Python. Regular expression not returning output

Question

I am trying to findall instances of the string "PB" and the digits that follow it, but when I call.

number_all = re.findall(r'\bPB\b([0-9])\d+', ' '.join(number_list))

the ([0-9])\d+ doesn't return an output. I check my output file, sequence.txt but there is nothing inside it. If i just do \bPB\b it outputs "PB" but no numbers.

My input file, raw-sequence.txt looks like this:

WB (19, 21, 24, 46, 60)
WB (12, 11, 9, 23, 49)
PB (18, 21, 10, 5, 5)
WB (2, 14, 2, 29, 67)
WB (1, 8, 1, 16, 52)
PB (2, 11, 8, 3, 4)

How can I output the following lines to sequence.txt?

PB (18, 21, 10, 5, 5)
PB (2, 11, 8, 3, 4)

Here is my current code:

sequence_raw_buffer = open('c:\\sequence.txt', 'a')
with open('c:\\raw-sequence.txt') as f:
  number_list = f.read().splitlines()
  number_all = re.findall(r'\bPB\b([0-9])\d+', ' '.join(number_list))
  unique = list(set(number_all))
  for i in unique:
    sequence_raw_buffer.write(i + '\n')
  print "done"
  f.close()
  sequence_raw_buffer.close()

Answer 1

Given the code you show, regex are an unnecessary over-complication to your problem. You can just iterate over the lines from the input file and dump the ones for which line.startswith("PB") returns True.

with open(r'c:\raw-sequence.txt', 'r') as f, open(r'c:\sequence.txt', 'a') as sequence_raw_buffer:
    for line in f:
        if line.startswith("PB"):
            print(line, file=sequence_raw_buffer)

This illustrates the fact that files can be iterated over line-by-line. I use print to dump the line because it will append the correct line terminator that the for loop strips off.

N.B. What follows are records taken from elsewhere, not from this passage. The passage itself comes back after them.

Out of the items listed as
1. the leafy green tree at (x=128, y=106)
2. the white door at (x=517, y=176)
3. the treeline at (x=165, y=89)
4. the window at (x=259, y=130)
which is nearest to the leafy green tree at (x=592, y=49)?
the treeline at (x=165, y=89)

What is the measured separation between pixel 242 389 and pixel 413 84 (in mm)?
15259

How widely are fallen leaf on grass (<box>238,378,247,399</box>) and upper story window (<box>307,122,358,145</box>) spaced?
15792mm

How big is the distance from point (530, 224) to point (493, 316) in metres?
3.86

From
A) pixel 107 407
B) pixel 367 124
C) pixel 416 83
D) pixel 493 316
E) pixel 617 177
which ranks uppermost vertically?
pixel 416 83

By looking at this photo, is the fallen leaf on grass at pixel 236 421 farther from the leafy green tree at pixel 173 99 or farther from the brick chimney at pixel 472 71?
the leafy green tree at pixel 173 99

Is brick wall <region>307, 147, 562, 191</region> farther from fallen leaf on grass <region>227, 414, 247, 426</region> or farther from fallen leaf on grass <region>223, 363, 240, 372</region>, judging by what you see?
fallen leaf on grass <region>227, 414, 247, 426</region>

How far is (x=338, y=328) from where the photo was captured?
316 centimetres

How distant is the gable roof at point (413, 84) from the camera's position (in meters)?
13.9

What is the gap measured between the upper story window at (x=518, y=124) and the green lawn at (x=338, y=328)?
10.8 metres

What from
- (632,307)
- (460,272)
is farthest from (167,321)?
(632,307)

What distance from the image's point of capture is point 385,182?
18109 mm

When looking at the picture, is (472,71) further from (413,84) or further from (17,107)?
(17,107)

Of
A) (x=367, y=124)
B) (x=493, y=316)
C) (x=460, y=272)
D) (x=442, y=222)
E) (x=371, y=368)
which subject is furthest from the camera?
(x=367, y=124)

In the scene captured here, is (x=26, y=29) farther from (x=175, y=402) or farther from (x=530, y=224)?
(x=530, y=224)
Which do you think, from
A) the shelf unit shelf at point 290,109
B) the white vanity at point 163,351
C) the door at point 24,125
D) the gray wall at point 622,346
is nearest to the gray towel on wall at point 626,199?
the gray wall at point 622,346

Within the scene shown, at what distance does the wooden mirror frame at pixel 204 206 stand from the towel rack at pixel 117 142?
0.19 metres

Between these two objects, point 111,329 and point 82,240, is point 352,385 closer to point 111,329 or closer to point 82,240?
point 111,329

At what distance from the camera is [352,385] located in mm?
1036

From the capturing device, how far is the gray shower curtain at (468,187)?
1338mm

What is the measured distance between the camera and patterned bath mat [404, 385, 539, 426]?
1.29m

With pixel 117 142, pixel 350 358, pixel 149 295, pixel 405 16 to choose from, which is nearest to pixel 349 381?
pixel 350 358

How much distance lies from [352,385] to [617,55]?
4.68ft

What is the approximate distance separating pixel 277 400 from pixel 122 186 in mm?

This example also shows you how to put multiple context managers into a single with block. You should have all your file in a with block, whether input or output, because I/O errors are a possibility in both directions.

Now, if you are trying to use regex for practice or because the match is really more complicated than what you present here, you can try

PB\s*\((?:\d+,\s*)*\d+\)

This matches as follows:

• Literal PB
• Optional unlimited number of spaces \s*
• Literal open parens \(
• Optional non-capturing group (?:)*, repeated as many times as necessary, containing
  • At least one digit \d+
  • Literal comma ,
  • Any number of spaces \s*
• At least one actual number \d
• Literal close parens \)

I would not bother concatenating the whole file together and using findall on that though, unless your expression can span multiple lines. I would prefer to still use the approach shown above, because in all but a few cases that I can think of, textual data will generally be delimited by newlines:

pattern = re.compile('PB\s*\((?:\d+,\s*)*\d+\)')
...
            if pattern.match(line):
...

Pre-compiling the pattern once makes the program run faster, but you could call re.match(..., line) every time as well.

Answer 2

There are few things that you are missing

1. You are missing a space between word boundary(\b) and bracket (
2. Parenthesis () have different meanings in regex context. Parenthesis denotes capturing group. To match parenthesis literally you need to escape it.

Now to match the exact pattern you intend, you can use this

\bPB\s+\((?:\s*\d+\s*,\s*)*\d+\)

If you want to only match lines with PB you can directly search for PB

Answer 3

You can try this regex: PB\s?\(([0-9]*,?\s?)*\)